Issue One is pleased to welcome former Illinois Republican Congressman Don Manzullo to the ReFormers Caucus, comprised of more than 160 former members of Congress and governors from both sides of the aisle who are dedicated to returning government to the people.

Manzullo represented Illinois’ 16th district for 20 years, from 1993 to 2013. Throughout his tenure, Manzullo advocated for small businesses, free trade and manufacturing in the U.S. He served on the Committee on Financial Services, the Committee on Foreign Affairs and the Committee on Small Business, which he chaired for six years.

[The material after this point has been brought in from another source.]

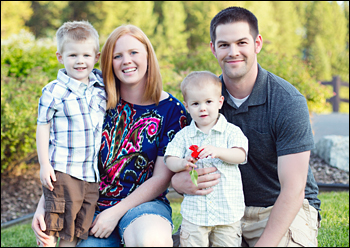 photo of Holet Rio Vista sign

During his last two years in Congress, he served as chair of the Foreign Affairs Subcommittee on Asia and the Pacific. He was a member of the House Automotive Caucus and co-founded and co-chaired the bipartisan House Manufacturing Caucus.

In his American Jobs Agenda, Manzullo outlined his priorities in Congress, centered on “level[ing] the playing field for American companies doing business in the global marketplace while reforming our export control policies to help U.S. companies sell more goods overseas” as well as encouraging American manufacturing and trimming unnecessary government regulations on farms and small businesses. He also supported efforts to reduce the influence of money in politics, voting to require lobbyist disclosure of bundled donations and to ban soft money donations to national political parties.

For his leadership in public service, Manzullo has received the Distinguished Service Award from the Small Business Exporters Association, the Leadership Award from the Coalition for Employment through Exports, and the Wings of Liberty Award from the Aerospace Industries Association.

Currently, Manzullo is the president and CEO of the Korea Economic Institute, a think tank that promotes dialogue and understanding between the Republic of Korea and the U.S.

As a respected former congressman and leader, Congressman Manzullo is committed to working with his fellow ReFormers to reduce the influence of money in politics.